Latvian General Election
The Latvian electorate went to the polls on Saturday, 6 October to elect a new Parliament, known as the ‘Saeima’. Seven political parties secured enough votes to take seats in Parliament, with the Social Democratic Party, ‘Harmony’, topping the polls with 19.8 per cent of the vote. Coalition negotiations are expected to follow in the coming weeks, with much speculation as to whether other parties will be willing to form a government with Harmony, the party which has previously been criticised for maintaining close ties with Russia.
After fifty years of occupation by the USSR, Latvia restored independence in 1991, and since then the country has held nine parliamentary elections (including Saturday’s election). These elections take place every four years and are usually held on the first Saturday of October.
Latvia uses a proportional representation system to elect members to the country’s Parliament, which is known as the ‘Saeima’. The Saeima is unicameral, i.e. consisting of one house, which is made up of 100 seats. Political parties much reach a minimum threshold of five per cent of the vote in order to take their seats in Parliament.
Latvia is currently ruled by a centre-right coalition government, made up of Unity, the Union of Greens and Farmers, and the National Alliance, and led by Prime Minister, Māris Kučinskis, of the Union of Greens and Farmers.
Issues such as corruption and money-laundering featured prominently in this year’s election debate.
With 845,196 votes cast, turnout for Saturday’s election was 54.6 per cent.
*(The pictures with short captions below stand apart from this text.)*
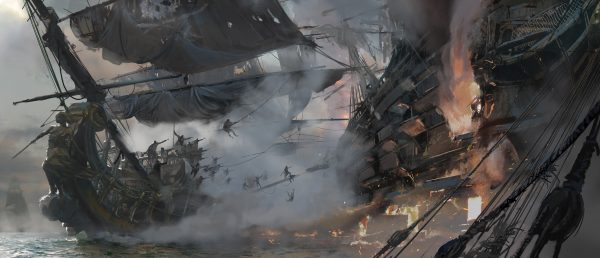 سی دی کی اریجینال یوپلی بازی Skull & Bones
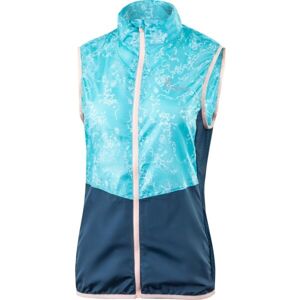 Klimatex ROSA Dámská ultralehká běžecká vesta, světle modrá, velikost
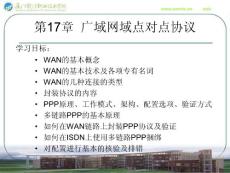 <CISCO>第17章  廣域網(wǎng)域點對點協(xié)議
This demonstrates a decrease from the 58.9 per cent turnout in the 2014 election, which was previously the lowest turnout ever recorded for a Latvian parliamentary election since the restoration of independence.
16 political parties contested the 2018 election, however, only seven of these reached the minimum threshold of five per cent required to take up seats in Parliament. The distribution of seats for the successful political parties is listed in the table below:
The ResultsHarmony - 23 Seats 19.8% of Votes Received
(source: Latvian Central Election Commission)
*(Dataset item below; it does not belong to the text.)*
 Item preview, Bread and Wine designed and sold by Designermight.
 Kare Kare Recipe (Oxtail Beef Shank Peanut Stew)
As no individual party won enough seats to secure a majority in government, negotiations will take place between political parties in the coming months in an effort to form a coalition government. With no clear alliance between the political parties who received the most votes, there is much speculation as to what the result of these negotiations will be.
The current ruling coalition government of Unity, the Union of Greens and Farmers, and the National Alliance, has suffered a significant loss in this election and would not easily be able to form a coalition without support from other parties. In the 2014 parliamentary election, this centre-right alliance won 61 seats between them, however Saturday’s results have left them with a combined total of only 33 seats.
The leading Social Democratic Party known as ‘Harmony’ is made up of predominantly Russian speakers and maintains significant support amongst Latvia’s ethnic Russian minority (which makes up approximately a quarter of Latvia’s population). Led by the Mayor of Riga, Nils Ušakovs, Harmony also managed to top the polls in the 2014 election with 23 per cent of the vote. Despite high electoral results since its founding in 2010, Harmony has never governed because other mainstream political parties have previously refused to enter a coalition government with the party due to its close ties with Russia. However, in 2017 Harmony severed official ties with Russia, by ending a cooperation treaty previously held with Russian President Vladimir Putin’s ruling party, United Russia.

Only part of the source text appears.